# Salomon SPK pros



## thorski (Aug 3, 2010)

View attachment 3904

Salomon SPK pros

View attachment 3905

View attachment 3906

View attachment 3907

Monster Booster Strap

View attachment 3908

Cushioned footbed


----------



## thorski (Aug 3, 2010)

View attachment 3913

Heel footbed=Super soft landings.

View attachment 3914

View attachment 3915

Lace up liner

View attachment 3916

Thick padding =No shin bang.

View attachment 3917

Rubber toe box= No toe bang.

Most comfortable boots i've ever had. I can ski everything on the mountain with no problem except small to medium sized pipes as they don't exist.
I tried the Dalbello Voodoo boots and they sucked.


----------



## gmcunni (Aug 3, 2010)

do these have less forward tilt than an average boot? they seem to be standing up straighter than i expected.


----------



## wa-loaf (Aug 4, 2010)

Is this a gear review or are you selling these?


----------



## thorski (Aug 4, 2010)

wa-loaf said:


> Is this a gear review or are you selling these?

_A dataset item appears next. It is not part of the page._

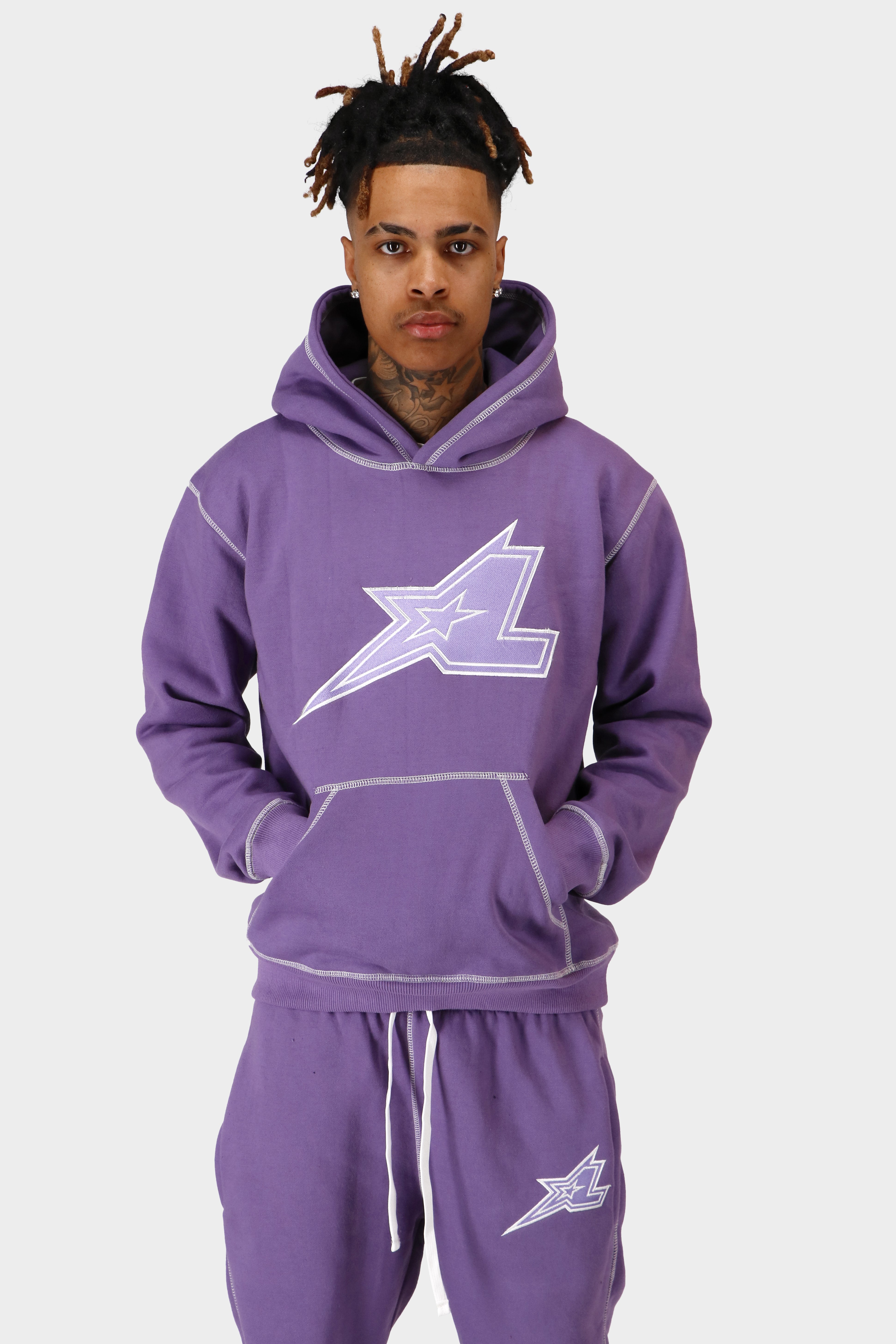 StarLine Purple Hoodie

Review. Wasn't sure if this was the right forum or not. 
They do have less forward tilt than the average boot.


----------



## Hawkshot99 (Aug 4, 2010)

thorski said:


> I tried the Dalbello Voodoo boots and they sucked.



I personally love the VooDoo's


----------



## wa-loaf (Aug 4, 2010)

thorski said:


> Review. Wasn't sure if this was the right forum or not.
> They do have less forward tilt than the average boot.



It's good to start the thread title with "Review" or "For Sale" ....


----------



## thorski (Aug 5, 2010)

Hawkshot99 said:


> I personally love the VooDoo's



They were killing my shins. I need tons of padding. They did ski well.

Duly noted Wa-loaf


----------